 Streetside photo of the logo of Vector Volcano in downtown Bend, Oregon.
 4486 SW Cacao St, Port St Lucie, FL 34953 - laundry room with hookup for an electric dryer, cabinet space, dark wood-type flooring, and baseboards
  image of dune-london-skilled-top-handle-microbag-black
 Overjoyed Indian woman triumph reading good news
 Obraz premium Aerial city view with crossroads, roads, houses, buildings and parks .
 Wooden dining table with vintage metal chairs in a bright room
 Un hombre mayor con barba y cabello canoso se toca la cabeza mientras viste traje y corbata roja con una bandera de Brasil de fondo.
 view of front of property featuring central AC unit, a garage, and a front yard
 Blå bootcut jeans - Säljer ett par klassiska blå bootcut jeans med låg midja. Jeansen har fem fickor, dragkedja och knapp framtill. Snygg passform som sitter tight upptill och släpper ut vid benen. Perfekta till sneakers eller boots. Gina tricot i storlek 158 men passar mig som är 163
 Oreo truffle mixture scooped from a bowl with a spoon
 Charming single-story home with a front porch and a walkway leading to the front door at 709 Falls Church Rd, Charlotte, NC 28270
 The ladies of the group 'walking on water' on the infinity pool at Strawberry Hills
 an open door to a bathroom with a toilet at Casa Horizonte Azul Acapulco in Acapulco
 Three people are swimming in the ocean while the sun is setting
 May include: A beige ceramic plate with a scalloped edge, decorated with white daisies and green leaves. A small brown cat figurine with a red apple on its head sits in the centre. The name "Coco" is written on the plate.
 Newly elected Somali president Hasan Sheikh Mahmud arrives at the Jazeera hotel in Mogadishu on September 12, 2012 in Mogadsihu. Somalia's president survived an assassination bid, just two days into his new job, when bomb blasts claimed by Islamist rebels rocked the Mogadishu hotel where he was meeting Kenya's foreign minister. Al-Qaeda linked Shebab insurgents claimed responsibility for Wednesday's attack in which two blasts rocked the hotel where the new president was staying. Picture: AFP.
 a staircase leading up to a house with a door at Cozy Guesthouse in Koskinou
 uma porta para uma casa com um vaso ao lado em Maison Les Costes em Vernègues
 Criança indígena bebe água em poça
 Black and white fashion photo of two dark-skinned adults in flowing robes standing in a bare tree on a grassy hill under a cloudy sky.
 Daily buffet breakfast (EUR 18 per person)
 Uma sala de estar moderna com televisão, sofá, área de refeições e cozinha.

- [Task description]: Each entry must be retyped exactly as it was written above.

- [Solution for this exercise]:
 Streetside photo of the logo of Vector Volcano in downtown Bend, Oregon.
 4486 SW Cacao St, Port St Lucie, FL 34953 - laundry room with hookup for an electric dryer, cabinet space, dark wood-type flooring, and baseboards
  image of dune-london-skilled-top-handle-microbag-black
 Overjoyed Indian woman triumph reading good news
 Obraz premium Aerial city view with crossroads, roads, houses, buildings and parks .
 Wooden dining table with vintage metal chairs in a bright room
 Un hombre mayor con barba y cabello canoso se toca la cabeza mientras viste traje y corbata roja con una bandera de Brasil de fondo.
 view of front of property featuring central AC unit, a garage, and a front yard
 Blå bootcut jeans - Säljer ett par klassiska blå bootcut jeans med låg midja. Jeansen har fem fickor, dragkedja och knapp framtill. Snygg passform som sitter tight upptill och släpper ut vid benen. Perfekta till sneakers eller boots. Gina tricot i storlek 158 men passar mig som är 163
 Oreo truffle mixture scooped from a bowl with a spoon
 Charming single-story home with a front porch and a walkway leading to the front door at 709 Falls Church Rd, Charlotte, NC 28270
 The ladies of the group 'walking on water' on the infinity pool at Strawberry Hills
 an open door to a bathroom with a toilet at Casa Horizonte Azul Acapulco in Acapulco
 Three people are swimming in the ocean while the sun is setting
 May include: A beige ceramic plate with a scalloped edge, decorated with white daisies and green leaves. A small brown cat figurine with a red apple on its head sits in the centre. The name "Coco" is written on the plate.
 Newly elected Somali president Hasan Sheikh Mahmud arrives at the Jazeera hotel in Mogadishu on September 12, 2012 in Mogadsihu. Somalia's president survived an assassination bid, just two days into his new job, when bomb blasts claimed by Islamist rebels rocked the Mogadishu hotel where he was meeting Kenya's foreign minister. Al-Qaeda linked Shebab insurgents claimed responsibility for Wednesday's attack in which two blasts rocked the hotel where the new president was staying. Picture: AFP.
 a staircase leading up to a house with a door at Cozy Guesthouse in Koskinou
 uma porta para uma casa com um vaso ao lado em Maison Les Costes em Vernègues
 Criança indígena bebe água em poça
 Black and white fashion photo of two dark-skinned adults in flowing robes standing in a bare tree on a grassy hill under a cloudy sky.
 Daily buffet breakfast (EUR 18 per person)
 Uma sala de estar moderna com televisão, sofá, área de refeições e cozinha.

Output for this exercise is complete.